== Given information ==
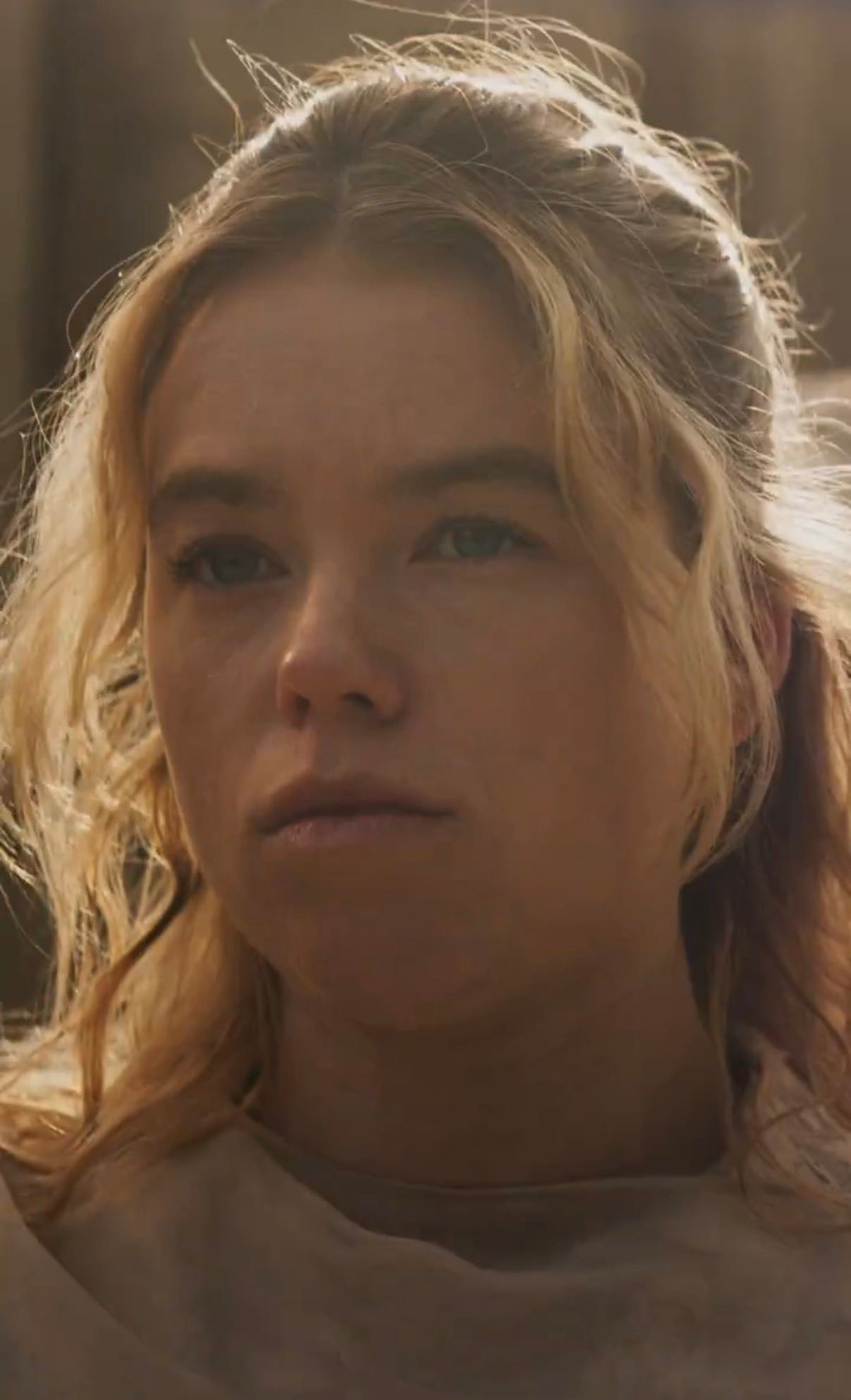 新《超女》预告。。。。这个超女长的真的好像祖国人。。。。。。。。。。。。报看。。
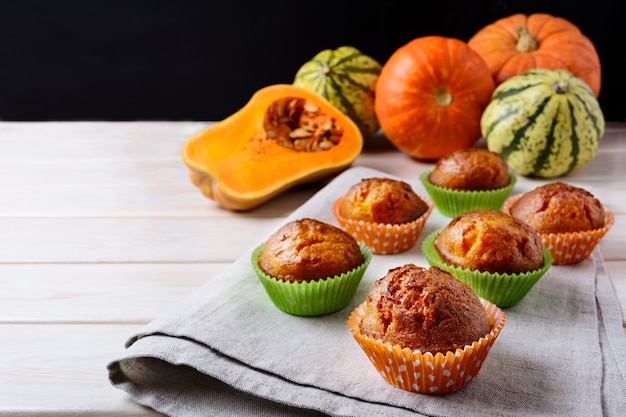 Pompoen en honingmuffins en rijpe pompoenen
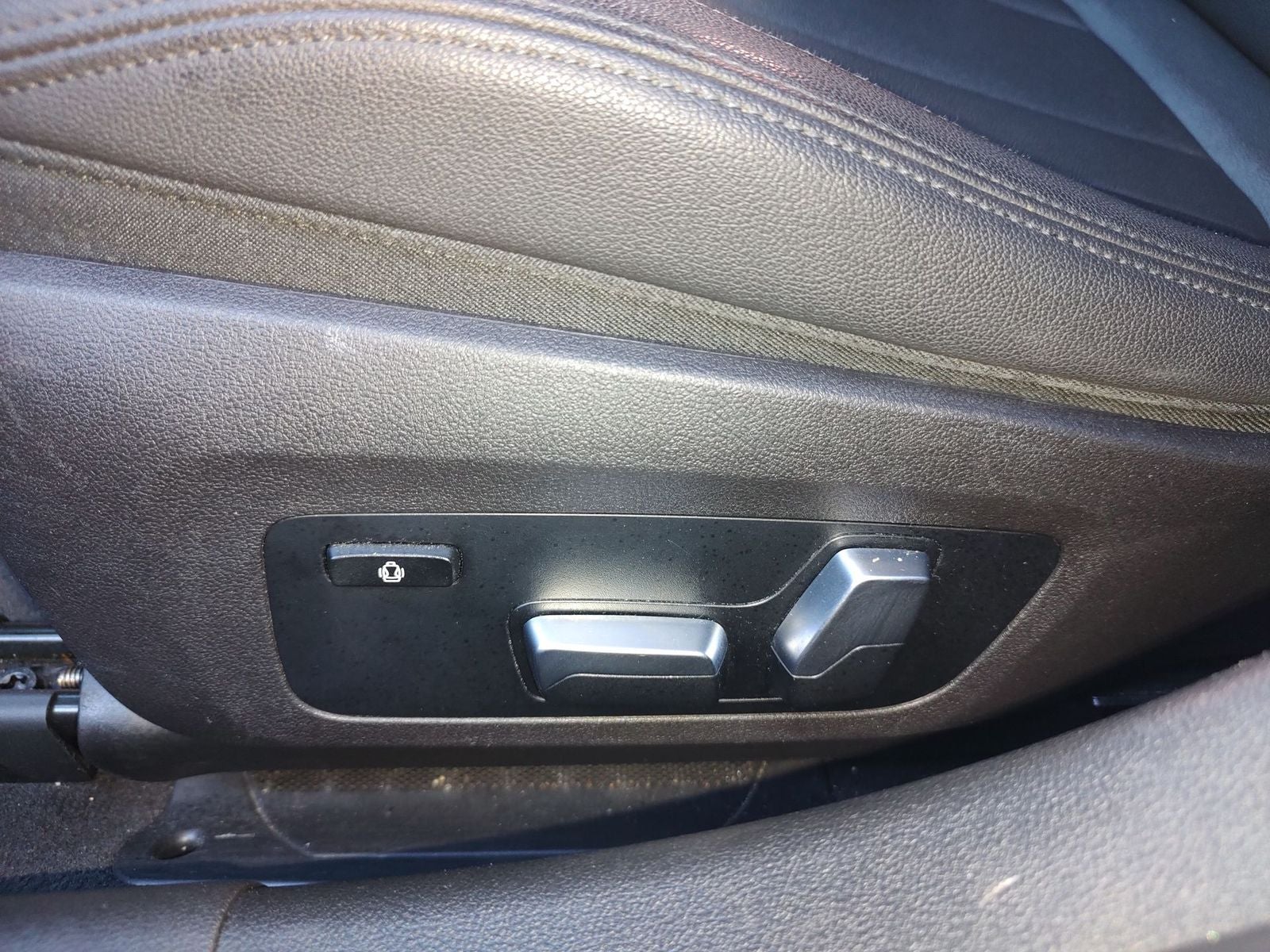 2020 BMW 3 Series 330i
===
**Task directions:** Restate word for word the lines above that start at the line containing "Pompoen en honingmuffins en rijpe pompoenen" and run to the end of the listing; exclude the pictures.

**Solution below:**
 Pompoen en honingmuffins en rijpe pompoenen
 2020 BMW 3 Series 330i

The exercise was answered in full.